* **Data for analysis**:
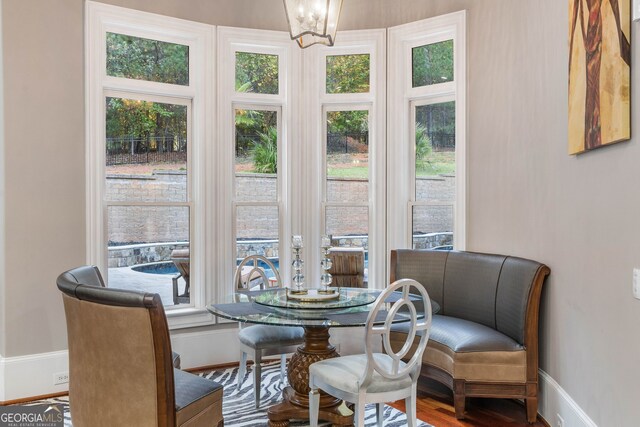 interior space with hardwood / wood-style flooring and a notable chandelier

==

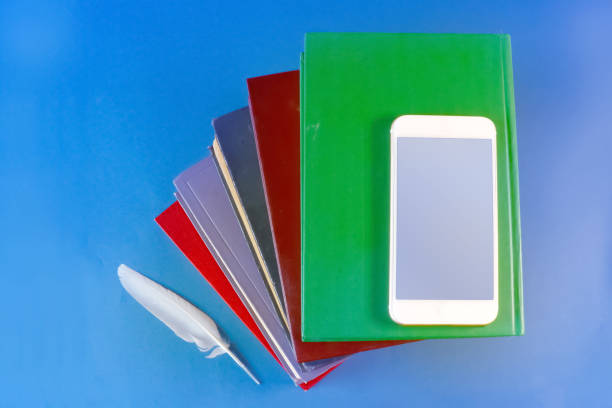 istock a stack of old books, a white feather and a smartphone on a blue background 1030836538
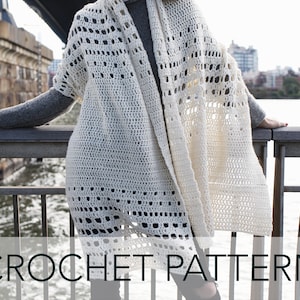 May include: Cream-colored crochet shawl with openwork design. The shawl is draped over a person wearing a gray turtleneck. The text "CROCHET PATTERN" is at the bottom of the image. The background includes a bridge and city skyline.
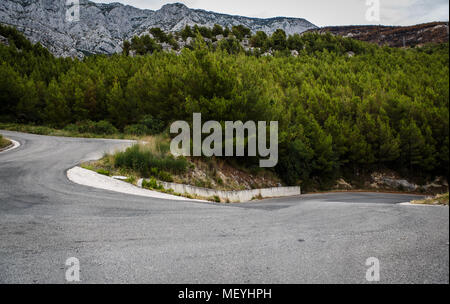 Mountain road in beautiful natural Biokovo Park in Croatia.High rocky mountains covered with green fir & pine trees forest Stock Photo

* **About this task**: Output only the lines above from the one containing "May include: Cream-colored" to the one containing "Mountain road in", both included, exactly as written and with no pictures.

* **Exercise solution**:
 May include: Cream-colored crochet shawl with openwork design. The shawl is draped over a person wearing a gray turtleneck. The text "CROCHET PATTERN" is at the bottom of the image. The background includes a bridge and city skyline.
 Mountain road in beautiful natural Biokovo Park in Croatia.High rocky mountains covered with green fir & pine trees forest Stock Photo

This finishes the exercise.